Yasaklı olmasına rağmen yapıyordu bu gezileri.
Vezirköprü’de bir köy muhtarının evinde yemek yeniliyordu.
İşte o zaman dikkatimi çekmişti Süleyman Demirel’in hafızası.
Beyninin tüm bölgelerini kullanıyordu sanırım.
Muhtara, anasını, babasını çocuklarını ve torunlarını, gelinlerini yani kısaca tüm ailesini ismen soruyordu.
Ben ise bir gün önce konuştuğum kişinin ismini bile hatırlamakta zorluk çekiyordum.
Hafızası o zaman dikkatimi çekmişti.
Bu olaydan yıllar sonra Doğu Anadolu’nun bazı illerine gezisi vardı Süleyman Demirel’in.
Erzurum üs kabul edilmiş, Kars ve Ağrı’ya gidilecekti.
Süleyman Demirel oralarda vatandaşla bir araya gelecekti.
Yahya sakızının bolca çiğnendiği günlerdi.

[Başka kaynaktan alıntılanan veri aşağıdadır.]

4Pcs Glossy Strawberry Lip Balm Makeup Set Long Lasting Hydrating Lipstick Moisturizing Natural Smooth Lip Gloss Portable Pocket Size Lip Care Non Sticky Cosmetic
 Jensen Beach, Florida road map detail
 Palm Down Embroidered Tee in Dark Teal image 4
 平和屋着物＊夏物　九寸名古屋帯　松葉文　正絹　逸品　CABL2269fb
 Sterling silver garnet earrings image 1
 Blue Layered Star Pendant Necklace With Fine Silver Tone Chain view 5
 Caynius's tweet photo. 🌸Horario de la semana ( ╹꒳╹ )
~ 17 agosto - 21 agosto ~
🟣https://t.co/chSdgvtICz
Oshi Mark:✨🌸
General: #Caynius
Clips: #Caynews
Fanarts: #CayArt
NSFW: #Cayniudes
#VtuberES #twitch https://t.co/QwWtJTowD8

Kars’ta Pazar günü sabah kahvaltısı ile birlikte söyleyeceklerini söylemesini rica etmiştik kendilerinden.
Kırmamış ve isteğimizi yerine getirmişti.
O dönemlerde Türkiye’nin o bölgelerinden telefonla haber yazdırabilmek gerçekten zordu.
O nedenle erkene alınmıştı toplantı.
Toplantı bizmiş ve haber yazdırmaya gelmişti sıra.
Tam masanın kenarındaki sandalyeden kalkarken garip bur durum gelmişti başıma.
Giymekte olduğum pantolonum belden aşağıda arkadan dikişte sökülmüştü.
Demirel bunu görmüş ve çevresindeki partililere “Bir terzi bulup pantolonunu diktirin yedekleri Erzurum’da otelde” deyivermişti.
Pantolonumun diktirilmesi süresince de Ağrı’ya doğru harekete geçmemişti. Konuşmaların odağında Yahya Demirel’e karşı sürdürülen fatura yolsuzlukları iddiaları vardı.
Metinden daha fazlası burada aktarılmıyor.